- _INSTRUCTIONS FOR THE TASK_
Exactly as written, retype the lines that run from the line holding "Henley-Shirt aus Flammgarn mit Used Prints" through the end of the records below. Do not include pictures.

- _DATA SECTION_
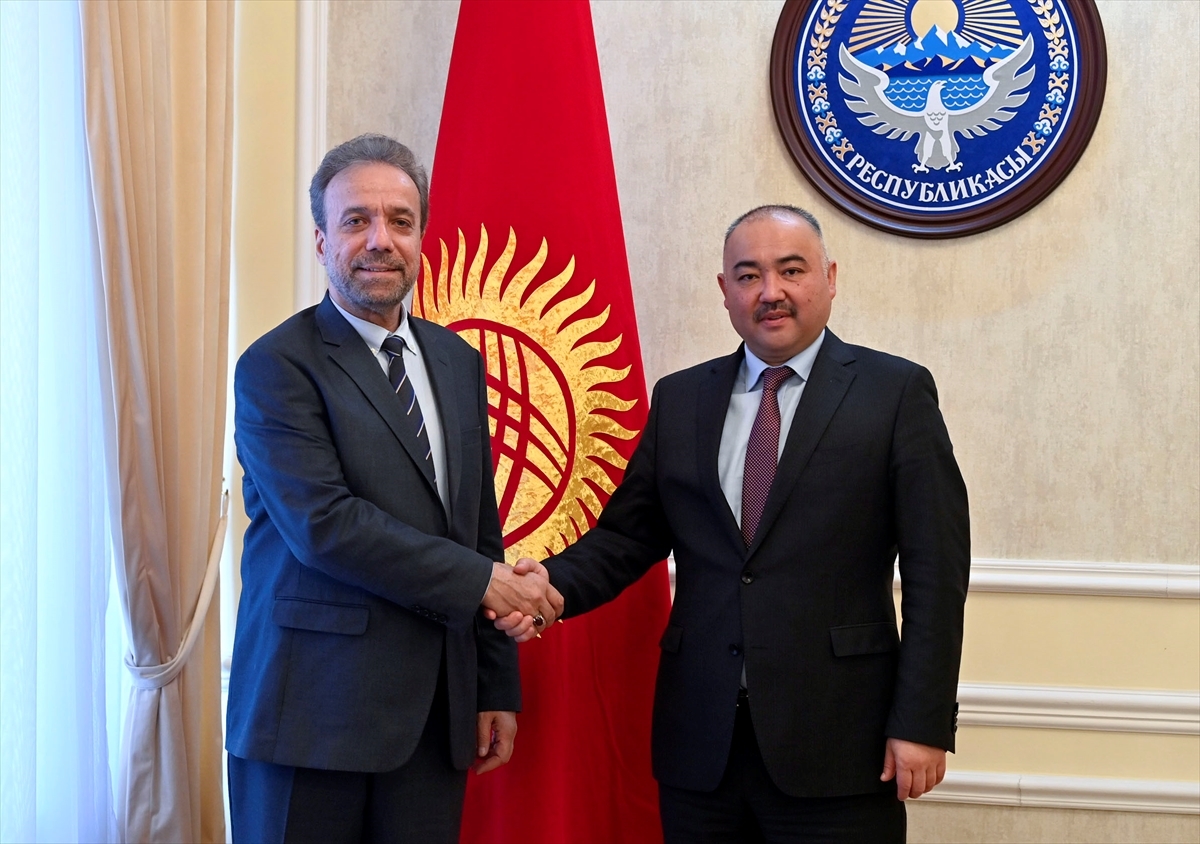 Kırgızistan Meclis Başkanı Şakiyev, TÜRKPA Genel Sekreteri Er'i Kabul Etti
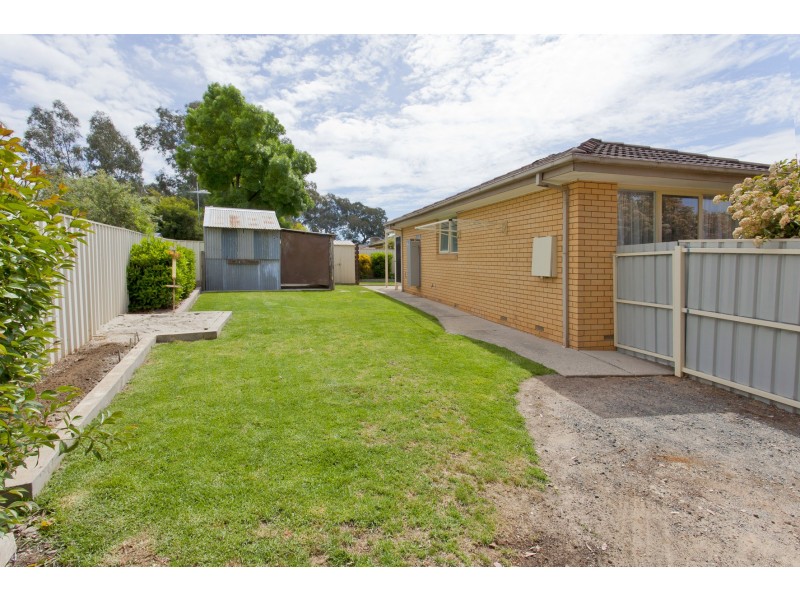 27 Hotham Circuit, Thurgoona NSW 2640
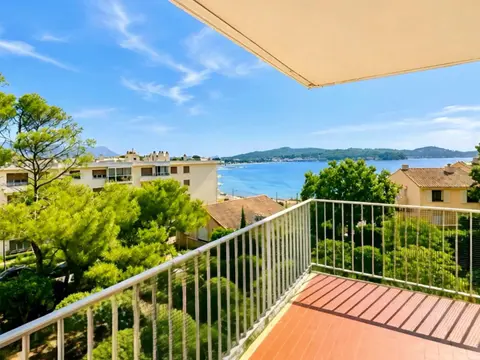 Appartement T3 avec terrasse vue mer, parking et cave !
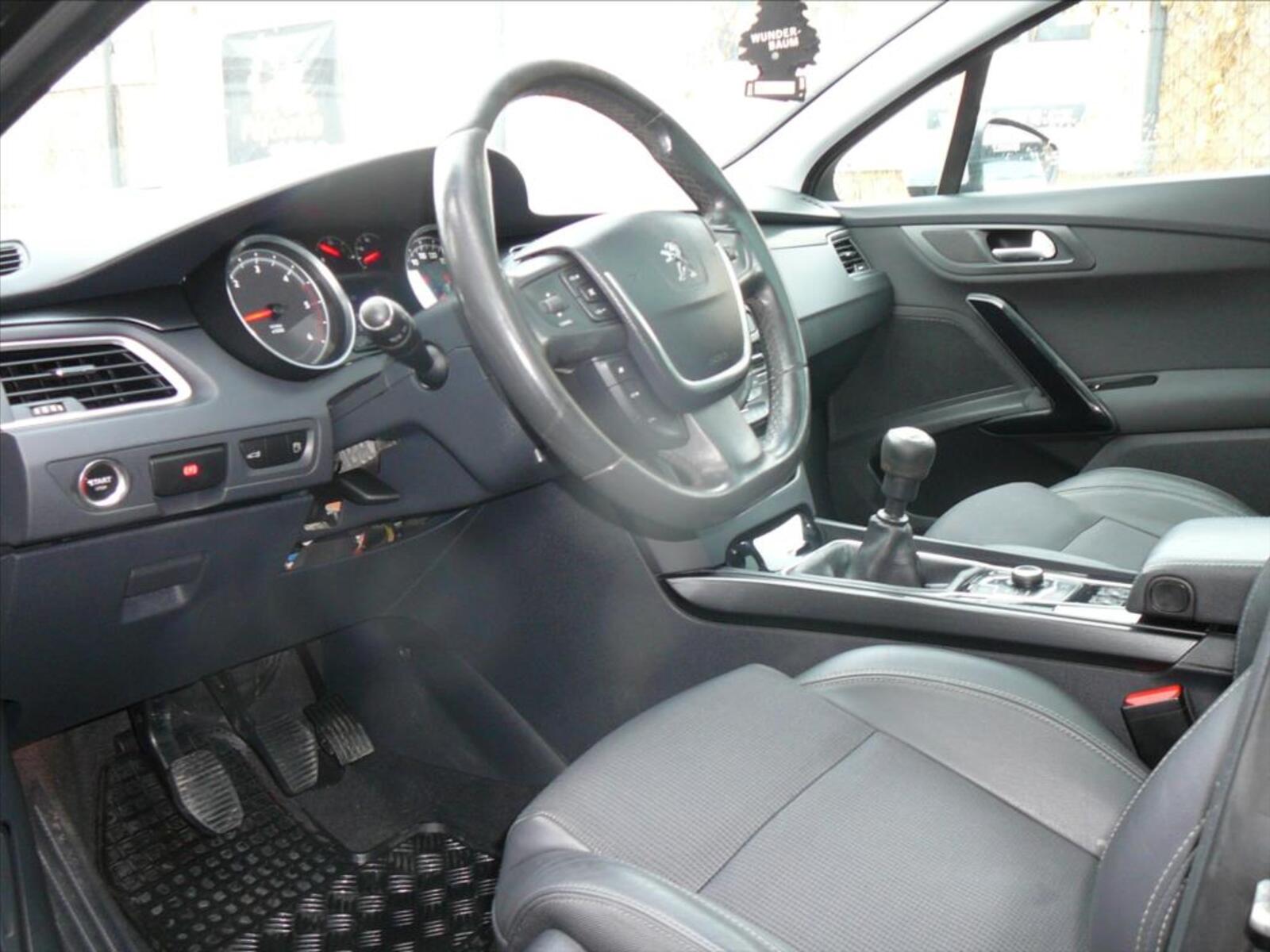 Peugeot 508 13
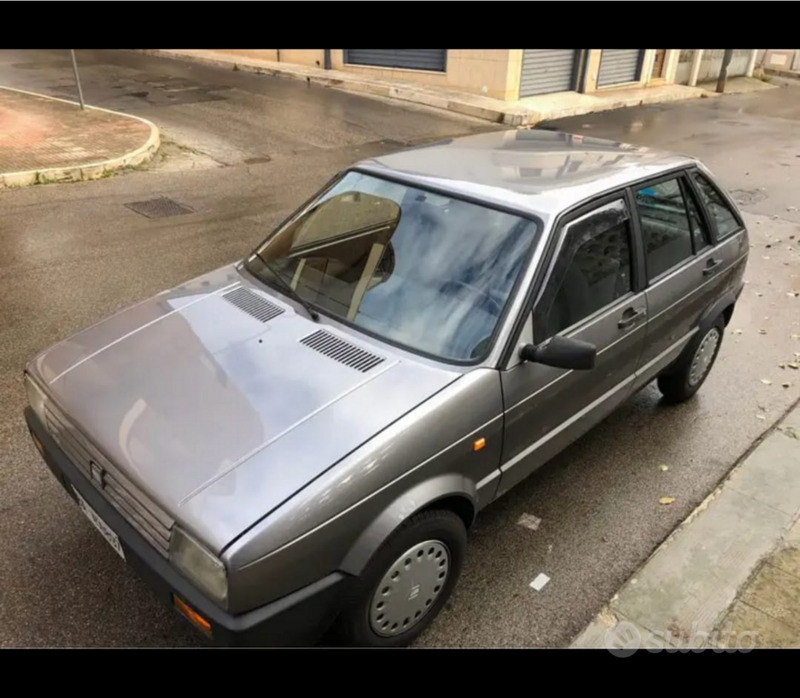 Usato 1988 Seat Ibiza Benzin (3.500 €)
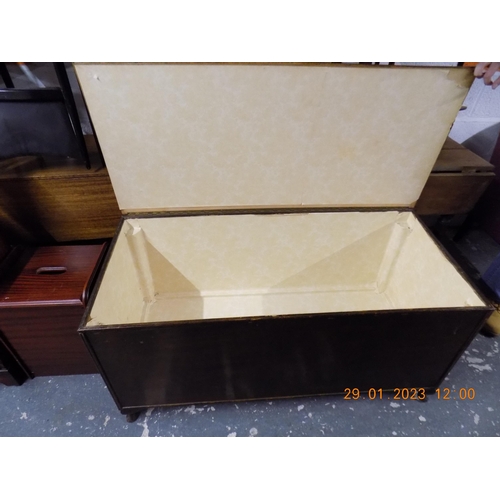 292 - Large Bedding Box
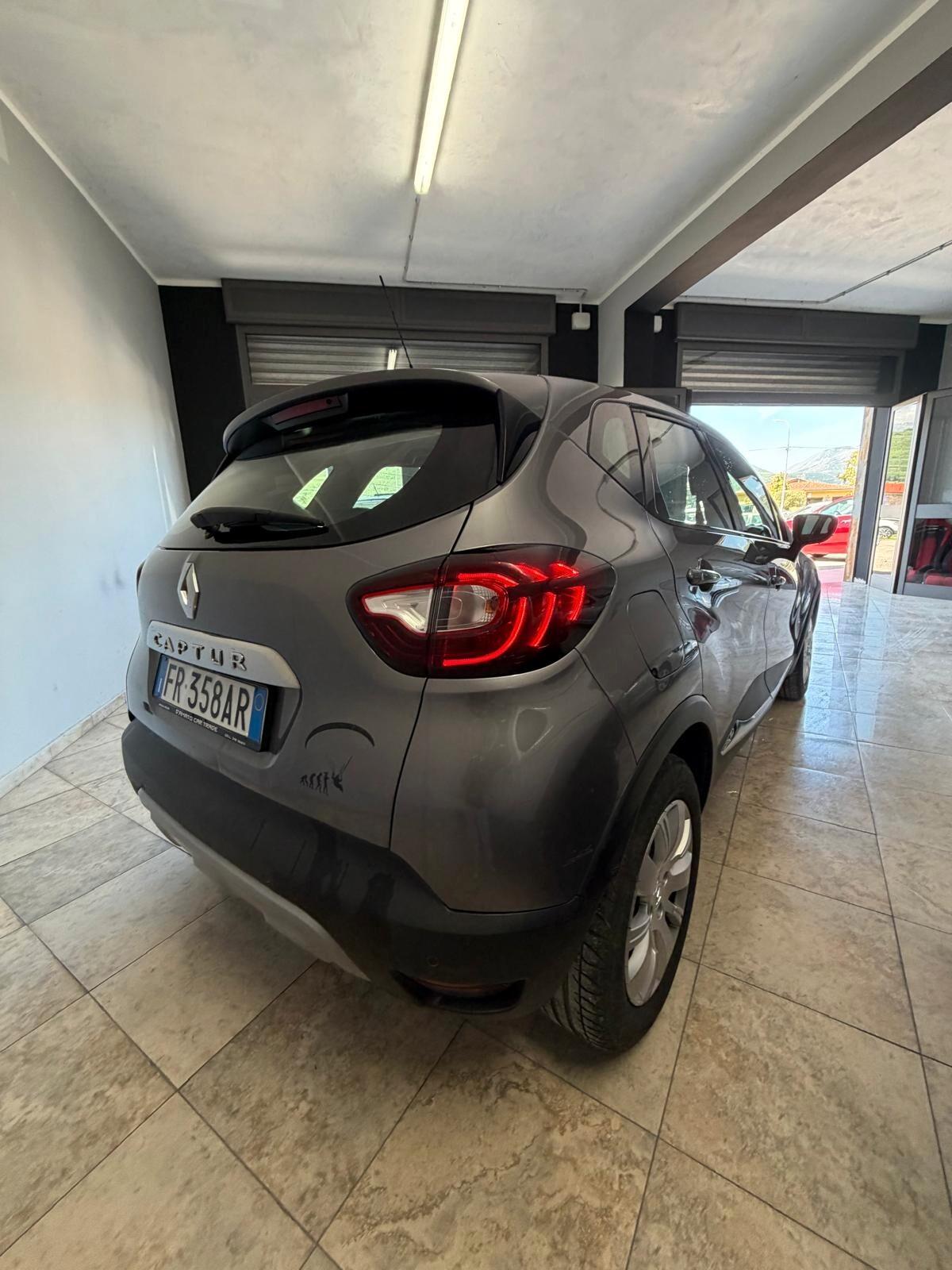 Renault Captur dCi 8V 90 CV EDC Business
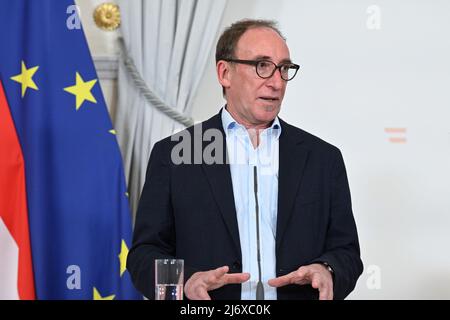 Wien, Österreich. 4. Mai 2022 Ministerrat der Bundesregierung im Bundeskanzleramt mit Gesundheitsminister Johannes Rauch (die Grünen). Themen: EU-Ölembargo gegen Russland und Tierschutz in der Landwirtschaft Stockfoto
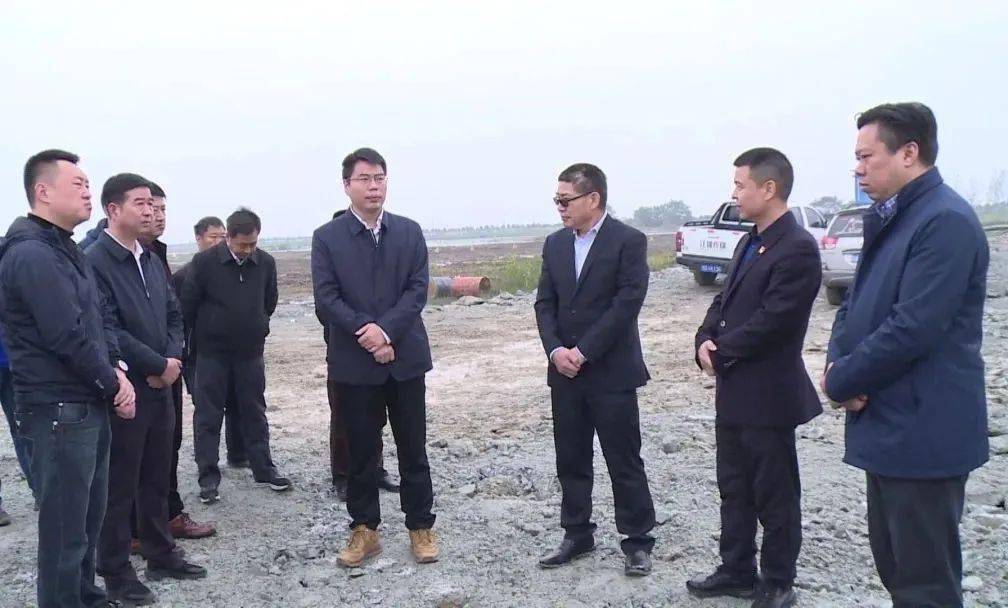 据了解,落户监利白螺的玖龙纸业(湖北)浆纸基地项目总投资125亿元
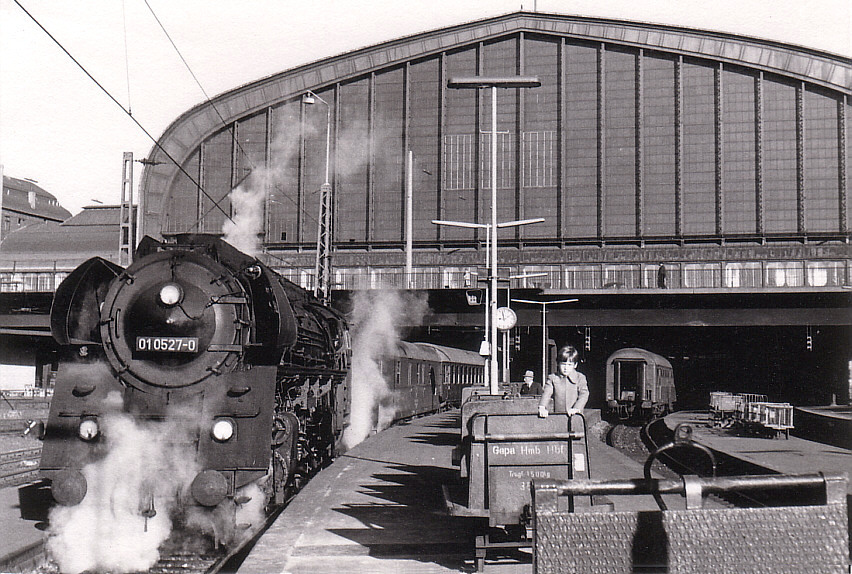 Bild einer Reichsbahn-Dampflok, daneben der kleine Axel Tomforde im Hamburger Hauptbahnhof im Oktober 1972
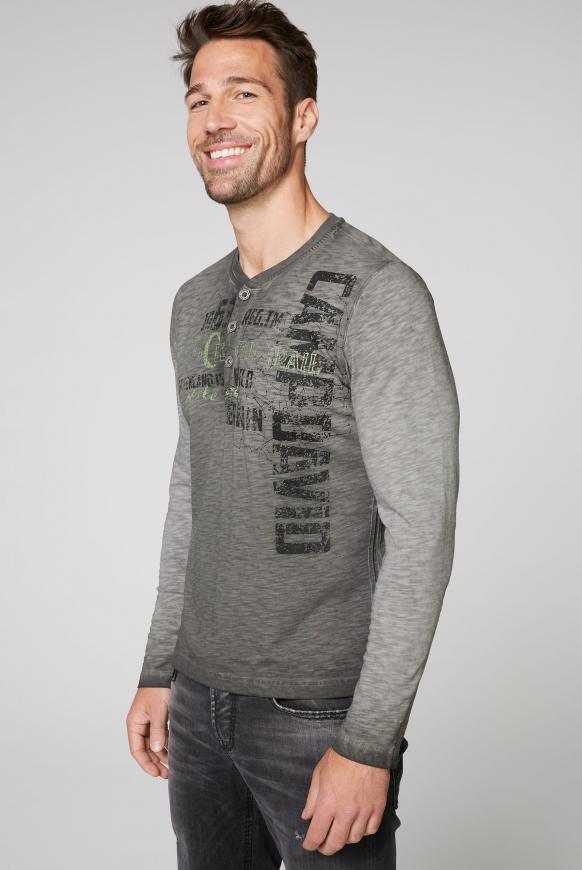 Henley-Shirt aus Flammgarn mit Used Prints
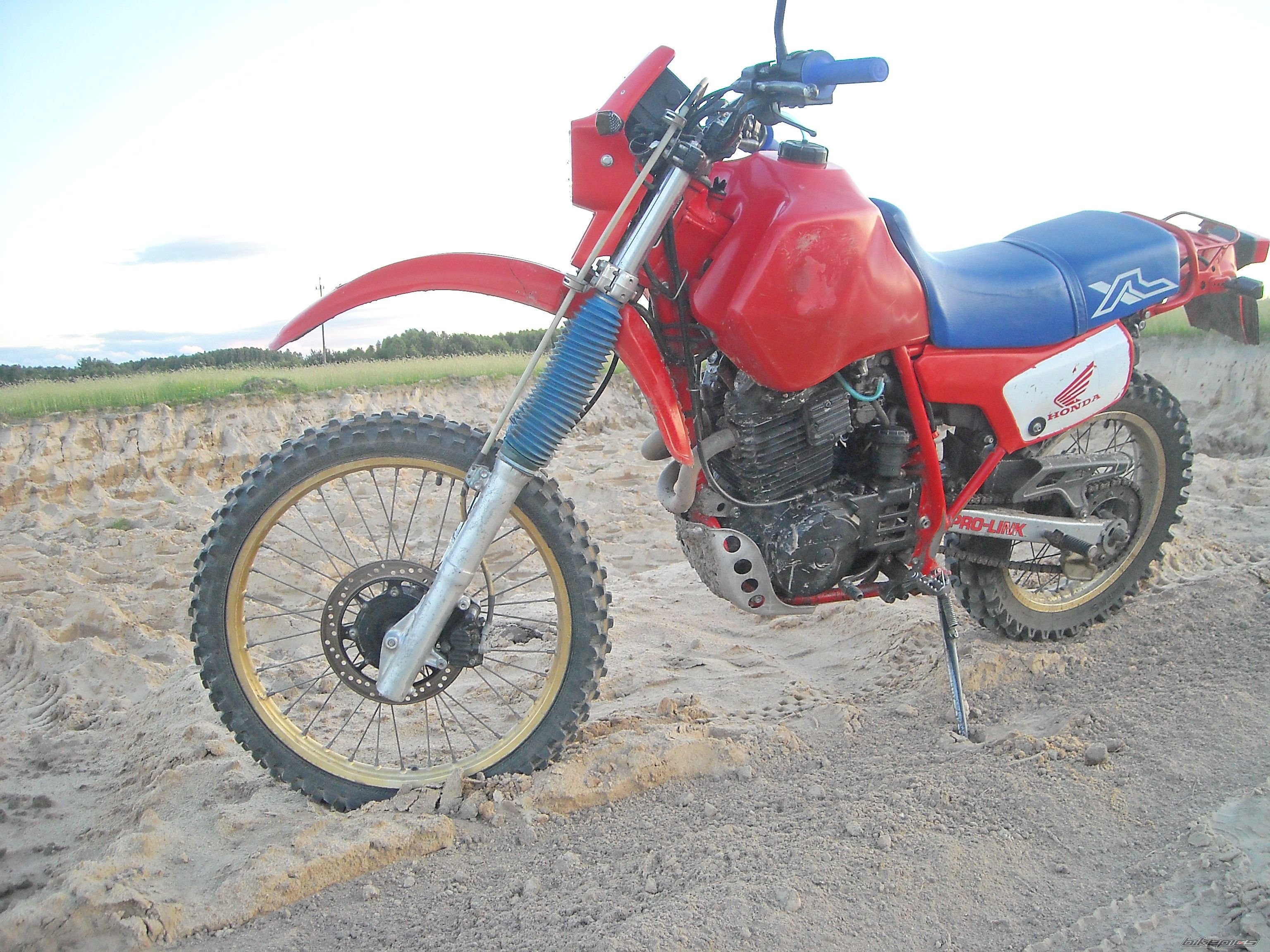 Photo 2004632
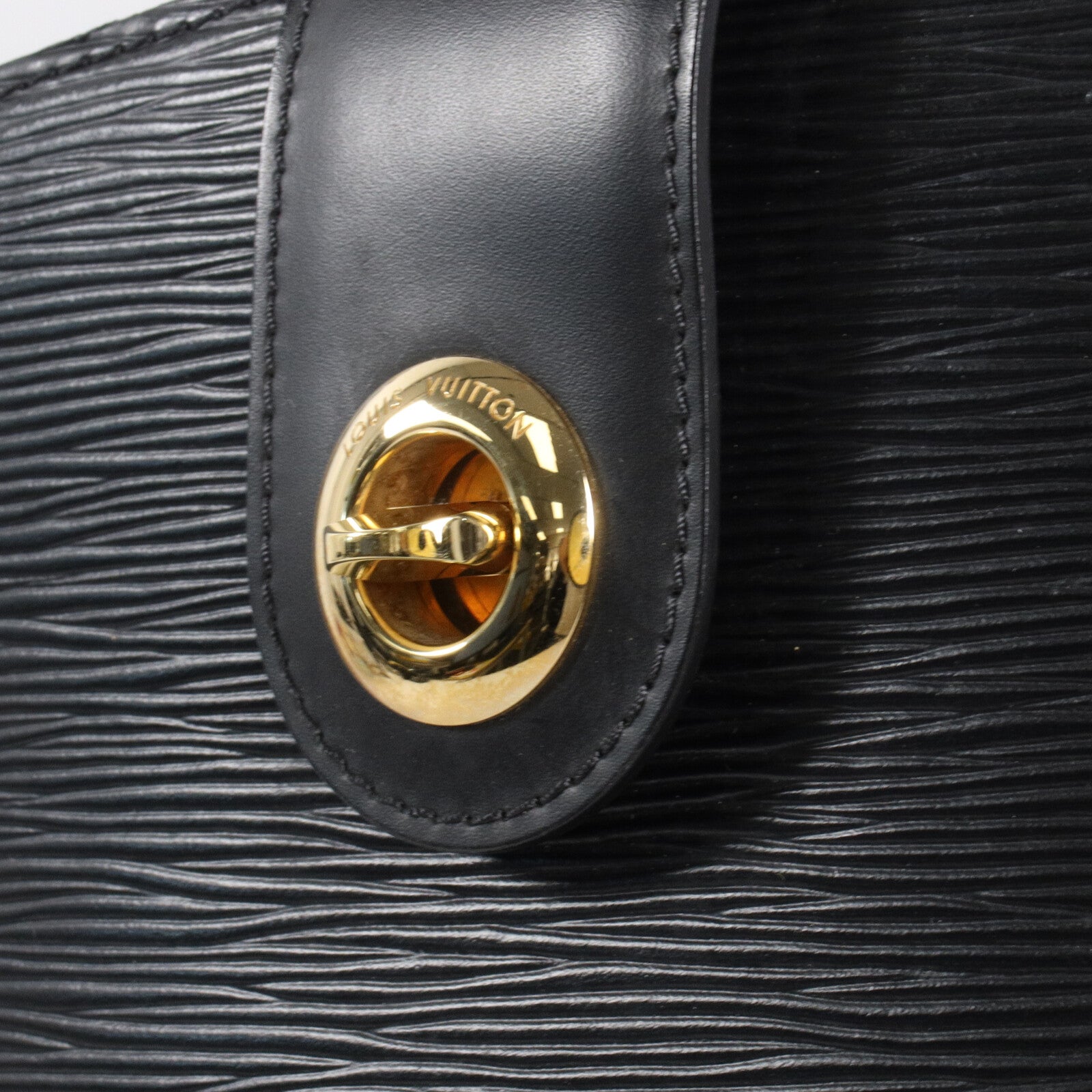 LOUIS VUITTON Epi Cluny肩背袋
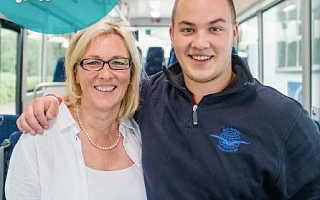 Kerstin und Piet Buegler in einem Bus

- _YOUR RESPONSE_
 Henley-Shirt aus Flammgarn mit Used Prints
 Photo 2004632
 LOUIS VUITTON Epi Cluny肩背袋
 Kerstin und Piet Buegler in einem Bus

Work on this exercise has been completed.